転校生
rating: 0+x

アイテム番号: SCP-XXX-JP

オブジェクトクラス: Keter

特別収容プロトコル: SCP-XXX-JPの収容は事実上不可能であり、発生を防ぐこともできません。しかし、発生を予測し、抑制することは可能です。財団は東京都██区および████中学校の運営に介入し、SCP-XXX-JPの発生を最小限に抑えてください。

現在、4月8日以外での発生を予測し防ぐことは不可能です。

説明: SCP-XXX-JPは東京都██区にある████中学校で発生する異常現象で、████中学校で毎年4月8日に行われる入学式にて「転校生」として発生します。「転校生」の数は不特定多数で、クラス人数が30人未満のクラスがある場合、30人になるように加えられます。よって、元のクラス人数が少ないほど「転校生」の数は増加します。「転校生」の数がどれほど多くても、生徒、教師、保護者は不自然に感じることはありません。

財団は201█年4月9日、1年2組の「転校生」を4体収容しました。収容された「転校生」は、自己紹介や将来の夢については話しましたが、SCP-XXX-JPの目的については知らないような反応を示しました。翌日、収容した4体とは異なる「転校生」が1年2組に4体加わると同時に収容していた4体が消滅しました。この後計4回収容を試みましたが、結果は変わりませんでした。したがって財団は「転校生」の収容は不可能と判断しました。

全クラスの人数が30人以上であれば「転校生」は発生しないと考えた財団は、201█年度の入学式が行われる前に、各クラスの人数を30人ずつになるように調整しました。結果、各クラスで一人ずつが4月8日の朝8時までに事故や事件に巻き込まれ死亡する事案が発生したほか、「転校生」が各クラスに一人ずつ加えられました。ちなみに、死亡した生徒に共通点は見られず、計9人が死亡したことについて生徒、教師、保護者は悲しみはしましたが不自然に感じることはありませんでした。次年度、財団は全クラスの人数を29人ずつになるように調整することで、入学式前の生徒の死亡を防ぐことに成功しました。以上から、SCP-XXX-JPの目的は「クラス人数を増やすこと」ではなく「クラス人数を30人に維持する」ことだと考えられます。

201█年6月16日、各クラスが30人ずつであるにも関わらず1年1組に6体、2年2組に3体、2年3組に1体、3年3組に5体の計15体の「転校生」が加わりました。翌日、█████線にて電車の脱線事故が起こり、乗車していた15名の生徒を含む██名が死亡しました。死亡した生徒のクラスごとの内訳は「転校生」の数と一致していました。また、4月8日以外での「転校生」の発生およびそれに伴う生徒の死亡はこの他にも6件確認されています。多くの生徒が死亡したことについて他の生徒、教師、保護者は悲しみはしましたが不自然に感じることはありませんでした。

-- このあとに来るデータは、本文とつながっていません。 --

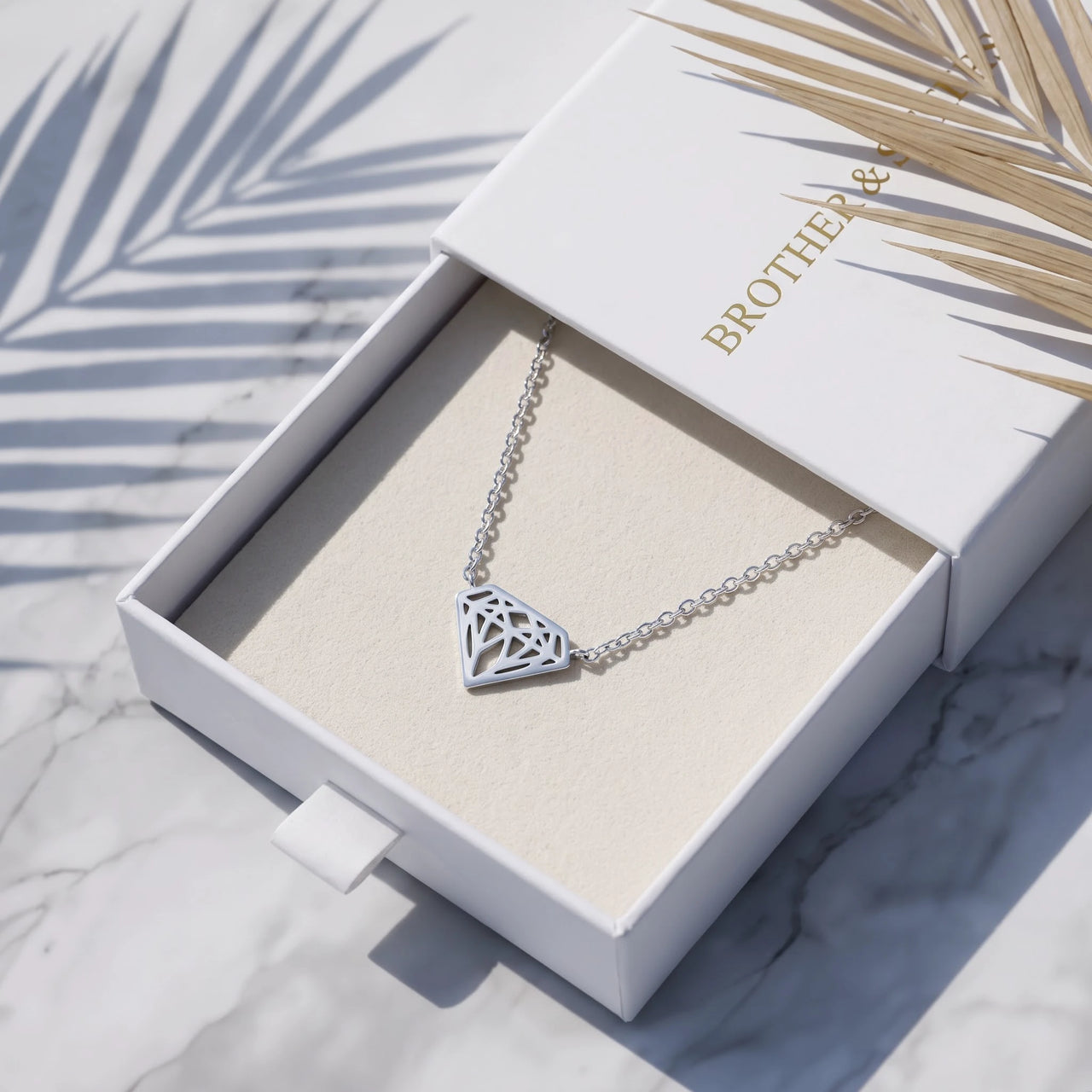 Geometrische ketting — in de cadeaudoos, zilver | SKU: 12791388-white-gold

201█年10月7日午前10時、修学旅行へ行っていた「転校生」6体を含む2年生90名及び4名の教職員を乗せた大型バス2台が玉突き事故を起こし「転校生」以外の全員が死亡しました。3時間後、2年生の各クラスが30人ずつになるように「転校生」が加わりました。2年生が「転校生」のみになったことに関して他学年の生徒、教師、保護者は不自然に感じることはありませんでした。

調査の結果、19██年に廃校となった██県にある██中学校に、「転校生」と同様の名前の生徒が在籍していたことが判明しました。現在239体の「転校生」が██中学校の生徒の名前と一致していることが確認されました。当時、██中学校には各クラス30名の合計270名が在籍しており、その全員が集団自殺により死亡しています。

補遺1: 2018年度の入学式が始まるまでに、一般生徒全員を記憶処理を施したうえで他の中学校へ転校させました。その後、入学式にて「転校生」が各クラスに30体ずつ加えられましたが、入学式終了後全ての「転校生」が消滅、以降、████中学校に「転校生」は出現していません。監察を継続するとともに、次年度の入学式で「転校生」が発生しなかった場合、Neutralizedクラスへの変更を申請します。

補遺2: ██県にある█中学校にて、「転校生」の発生が確認されました。